New penalties for businesses that dud consumers
Wednesday, January 9, 2008/
Business owners could be subjected to new financial penalties for fleecing consumers by illegal methods such as bait advertising or pyramid selling under a new proposal being considered by the Federal and state governments.
State and federal consumer protection ministers are reportedly considering reforms that would allow the Australian Competition and Consumer Commission to seek civil penalties against companies that breach consumer protection provisions of the Trade Practices Act.
The consumer protection provisions prohibit a range of conduct, including misrepresentation, pyramid selling schemes where participants are paid merely for recruiting new participants, and bait advertising, which involves advertising a product at a very low price to get buyers in the door but then only making very few of the products available for sale.
Businesses that breach competition provisions of the act are currently subject to civil penalties of up to $10 million, three times the value of the benefit obtained or 10% of annual turnover, while individual business owners can be fined up to $500,000.
But penalties for breaches of consumer protection provisions are more limited, with the ACCC only able to seek jail terms – a penalty that is costly to seek and only appropriate in the most serious cases – and legal sanctions such as injunctions to stop the behaviour.

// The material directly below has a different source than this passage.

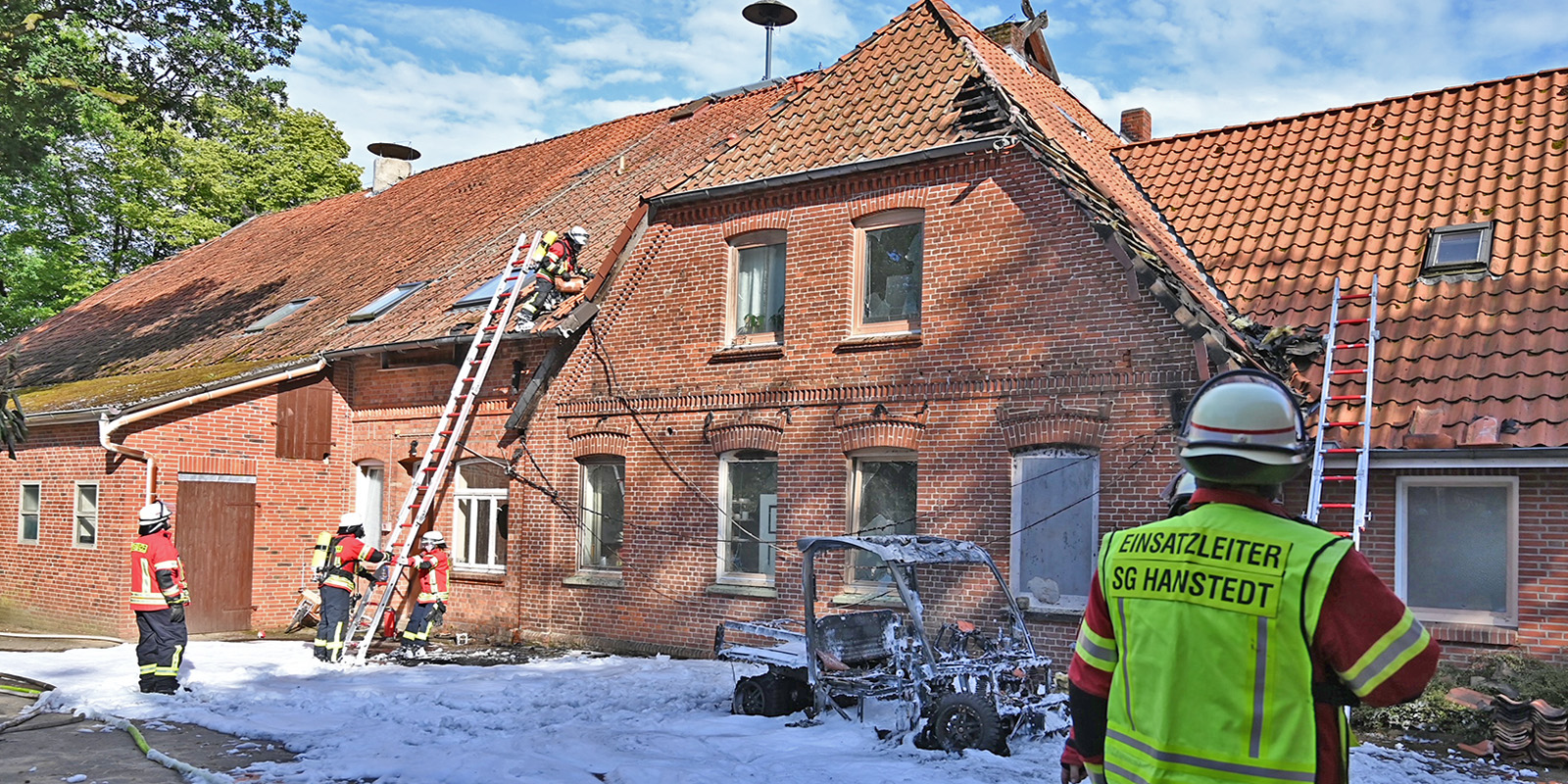 Die Einsatzstelle in Marxen. Vor dem Haus das ausgebrannte Fahrzeug. Foto: Lenhte-Medien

This has meant that in some cases the ACCC has been limited in its ability to take meaningful legal action against businesses that breach consumer protection laws.
If introduced, the new penalties could represent a double edged sword for SMEs, according to Slater & Gordon competition law expert Van Moulis. “The extra protection afforded to SMEs where they are suffering from prohibited conduct by competitors in a different context could be an extra responsibility to comply with the law,” he says.
But, Moulis says, even if the changes do go through, it does not necessarily follow that the ACCC will be able to undertake more prosecutions for breaches of consumer protection law.
“The ACCC lacks resources more than anything else – giving them more power is fine, but they just don’t have the resources to conduct more legal action, so it’s a funding issue and unless the Government provides better resources to the ACCC then it’s just a paper move,” he says.
The further progress of the proposal will depend on support and action from governments.